I'm glad you like it!

Yes, the DR access width is definitely a nuisance. It's very uncommon, so I don't want to make the normal experience worse. I think the best option long-term is to change away from generating a struct that directly memory-maps the peripheral and instead having methods on the struct which return pointers to the registers, which means you no longer have references into MMIO memory (helps avoid some questions around LLVM inserting dereferences) and can easily alias an 8, 16, and 32 bit register on top of each other. Then, you'd just use write_reg!(crc, dr_8, 123) or something like that.

It's a longer term plan though, so I'm open to a short term idea too. The best I can think of is adding an optional argument to the macro that specifies the write type, but I don't love the idea (the register size is already present in the peripheral struct after all) and the macros are already fairly complicated.

dlaw commented 9 months ago

My thinking for a short-term solution would be totally separate macros (write8_reg and read8_reg, or something like that) for generating byte-wide operations. I'm not sure how nicely the macro innards would work out (if you want to avoid blatant code duplication), but from a user perspective, that's what would make sense to me.

jannic commented 2 weeks ago

(core::ptr::addr_of!((spi::SPI2).DR) as *mut u8) = 0x52;

This is technically UB: While DR contains an UnsafeCell, and an UnsafeCell is writable (even through a shared reference), it's only allowed to write to it via .get().

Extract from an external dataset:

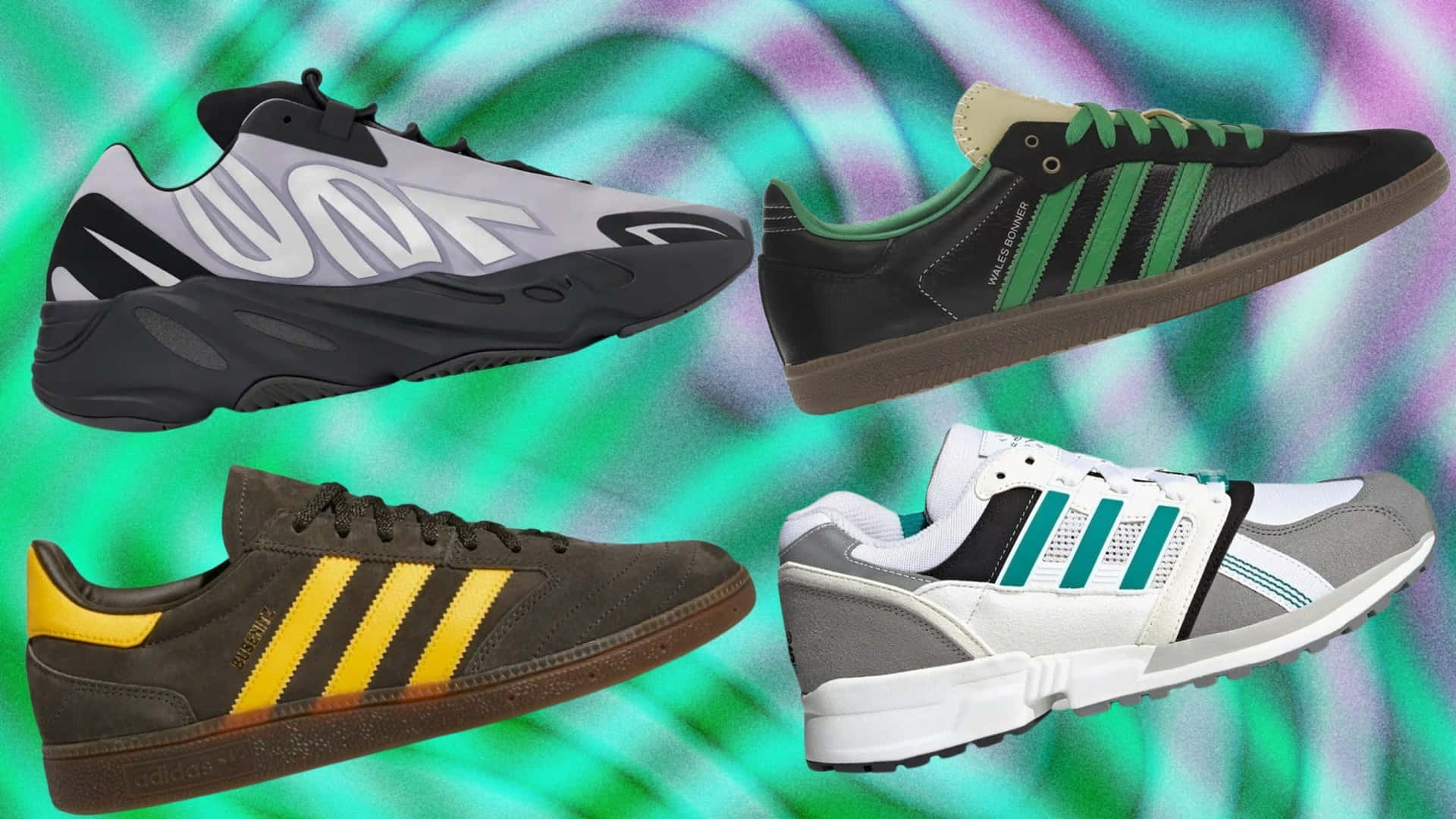 Step up your game and stand out with Adidas.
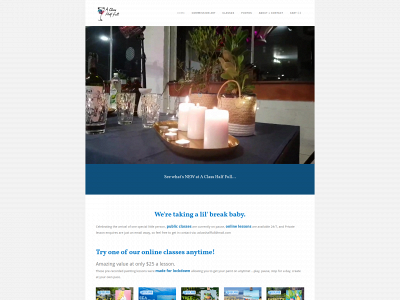 www.aclasshalffull.com snapshot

Additionally, RWRegister<T> (the type of DR) is not even declared as repr(transparent), so there's no guarantee that RWRegister has the same memory layout as T.

jannic commented 2 weeks ago

so there's no guarantee that RWRegister has the same memory layout as T

Thinking about it, this is already an issue for the RegisterBlock definitions, isn't it? If the compiler for some reason added padding to RWRegister, which it is technically allowed to do, the layout of RegisterBlocks would change, even though the RegisterBlocks themselves are declared #[repr(C)]. That would obviously have catastrophic results.

Now, of course, there's little reason for the compiler to do such a thing. But it would still be better to add #[repr(C)] or #[repr(transparent)] to the register definitions in src/register.rs.